L’Agenzia internazionale dell’energia (IEA) aggiorna il rapporto Renewables 2025: prevede un aumento della capacità rinnovabile globale di circa 4.600 GW entro il 2030, pari alla somma della capacità di Cina, UE e Giappone. Il fotovoltaico guiderà la crescita (circa 80% dell’aumento nei prossimi cinque anni), affiancato da eolico, idroelettrico, bioenergia e geotermia.

Nonostante la spinta a favore dei combustibili fossili promossa dalla presidenza USA, l’impatto è principalmente domestico: le previsioni globali sono state riviste lievemente al ribasso (-5% rispetto al 2024). Negli Stati Uniti la crescita attesa è quasi dimezzata, mentre nell’UE è leggermente rialzata grazie ai grandi impianti fotovoltaici e ai PPA in Germania, Spagna, Italia e Polonia. La Cina rimane protagonista, contribuendo quasi il 60% della crescita e potendo raggiungere gli obiettivi 2035 con cinque anni di anticipo.

Le aziende del settore mantengono alta la fiducia e hanno confermato o aumentato gli obiettivi al 2030; l’unica eccezione significativa è l’eolico offshore, con prospettive inferiori (~-25%) per problemi politici, colli di bottiglia nelle forniture e costi crescenti.

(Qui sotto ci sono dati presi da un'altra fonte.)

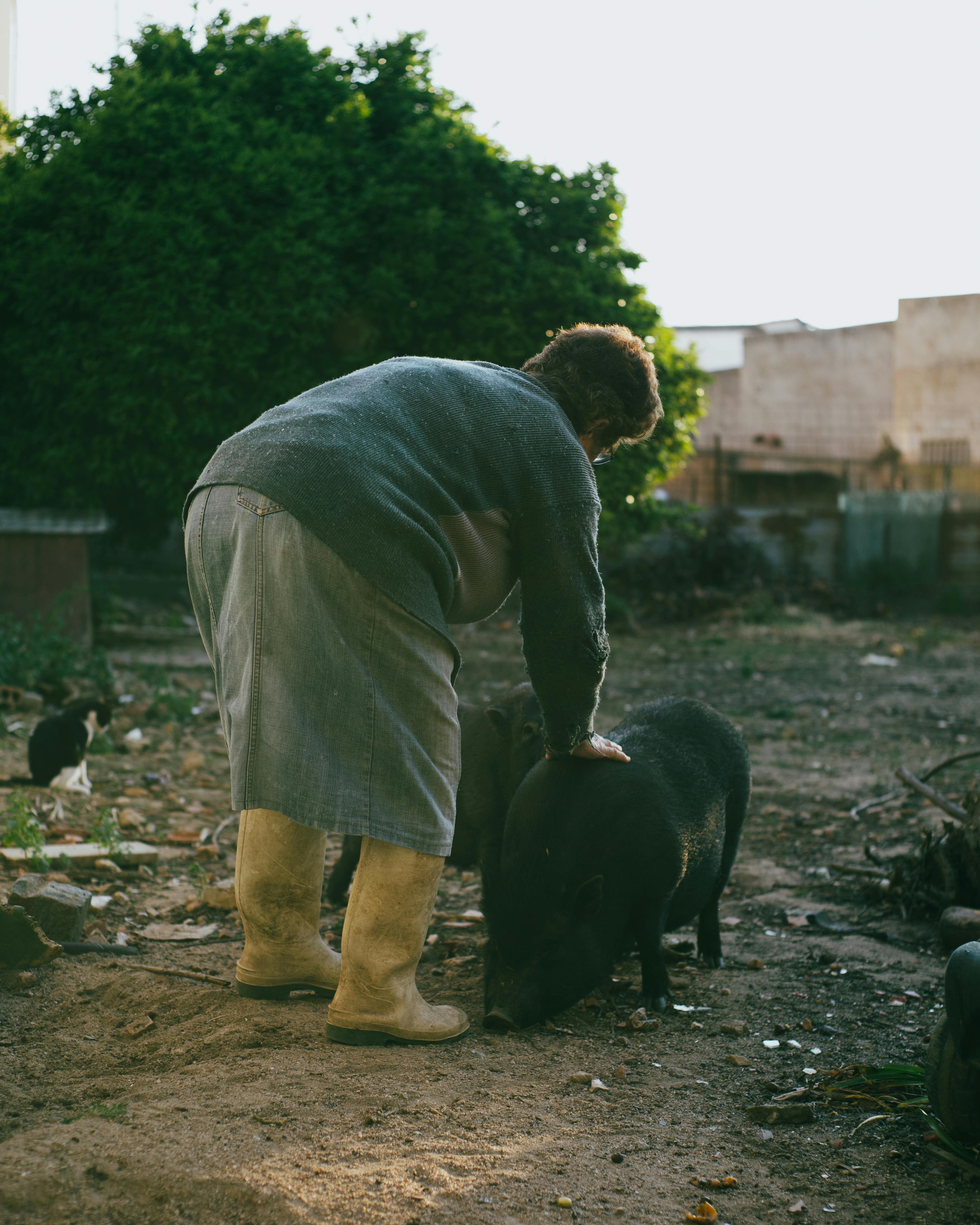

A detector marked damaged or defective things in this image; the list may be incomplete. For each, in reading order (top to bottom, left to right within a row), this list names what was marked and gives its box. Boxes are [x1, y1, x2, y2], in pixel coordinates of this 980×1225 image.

broken concrete slab [9, 877, 90, 941]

Globalmente la capacità rinnovabile raggiungerà circa 2,6 volte i livelli del 2022 entro il 2030, restando però sotto l’obiettivo di triplicazione fissato alla COP28. Per colmare il divario servono politiche più forti: certezza normativa, autorizzazioni più rapide, maggiori investimenti nelle reti e nella flessibilità, e riduzione dei rischi finanziari.

Sfide industriali: produttori di pannelli e turbine hanno registrato perdite significative nonostante le installazioni record. In Cina i prezzi solari sono crollati oltre il 60% dal 2023, comprimendo i margini al -10% e generando perdite per quasi 5 miliardi di dollari dall’inizio del 2024; produttori eolici fuori Cina hanno subito perdite cumulate di 1,2 miliardi.

L’IEA sottolinea la necessità di attenzione su catene di approvvigionamento e integrazione di rete. Esempi come la Spagna mostrano sia criticità sia benefici: oggi prezzi elettrici tra i più bassi d’Europa grazie alle rinnovabili.

Produzione ed emissioni: la generazione elettrica rinnovabile aumenterà del 60% (da 9.900 TWh nel 2024 a 16.200 TWh nel 2030) e supererà il carbone entro la fine del 2025 (o entro metà 2026). La quota rinnovabile passerà dal 32% (2024) al 43% (2030); le rinnovabili variabili saliranno al 27%. Tra 2025 e 2030, oltre il 90% della crescita della domanda elettrica sarà coperta da rinnovabili.

Impatto sulla sicurezza energetica: dall’incremento rinnovabile dal 2010 sono stati evitati importazioni addizionali di carbone e gas (riduzioni stimate: 700 milioni t di carbone, 400 miliardi m³ di gas) con un risparmio cumulato di circa 1,3 trilioni di dollari.

Dati Ember (paralleli all’IEA): per la prima volta le rinnovabili hanno generato più elettricità del carbone (5.072 TWh vs 4.896 TWh del carbone). Nella prima metà del 2025 la domanda elettrica è cresciuta del 2,6% (+369 TWh); il solare ha coperto l’83% di questo incremento. Carbone e gas sono lievemente calati, portando a una riduzione delle emissioni del settore energetico dello 0,2%.

Conclusione: le rinnovabili sono in rapida ascesa e iniziano a sostituire i fossili, ma per raggiungere gli obiettivi climatici occorrono politiche più ambiziose e interventi su norme, rete, investimenti e stabilità finanziaria dei produttori.